[Records from a collection]

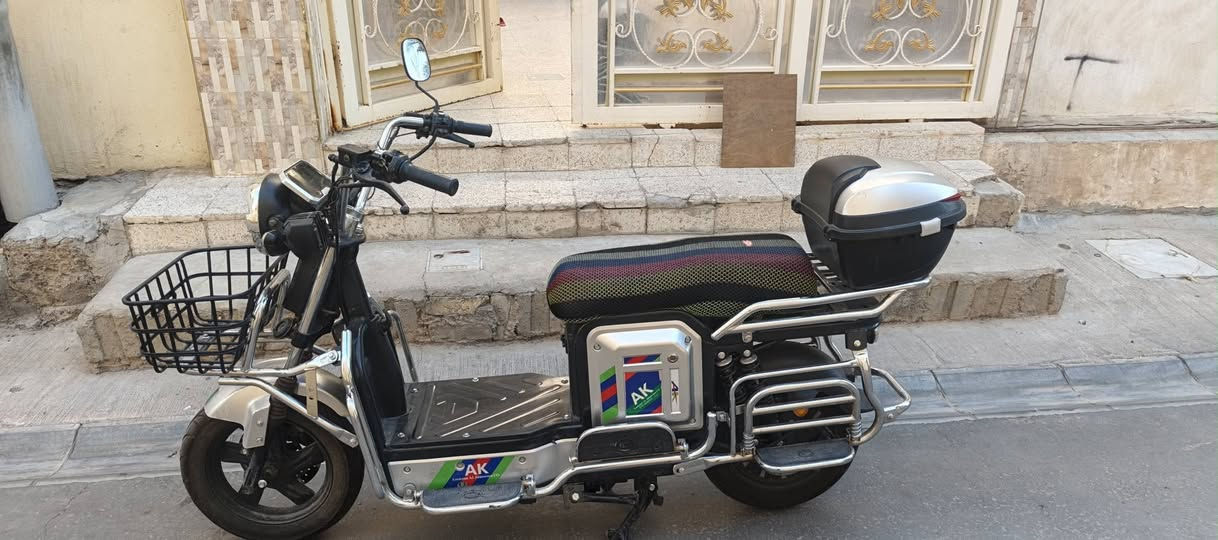 دراجه للبيع
نضافه فول الفول 
7 بطاريات ع الفحص 
نضام جهاز نذار مانع السرقه 
نضام كارت تشغيل 
ام بي 3 داخلي 🎶
السعر 825 وبي مجال 
***********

Activity | Could you transcribe all of the data exactly, keeping every picture out of the copy?

Expected output |
 دراجه للبيع
نضافه فول الفول 
7 بطاريات ع الفحص 
نضام جهاز نذار مانع السرقه 
نضام كارت تشغيل 
ام بي 3 داخلي 🎶
السعر 825 وبي مجال 
***********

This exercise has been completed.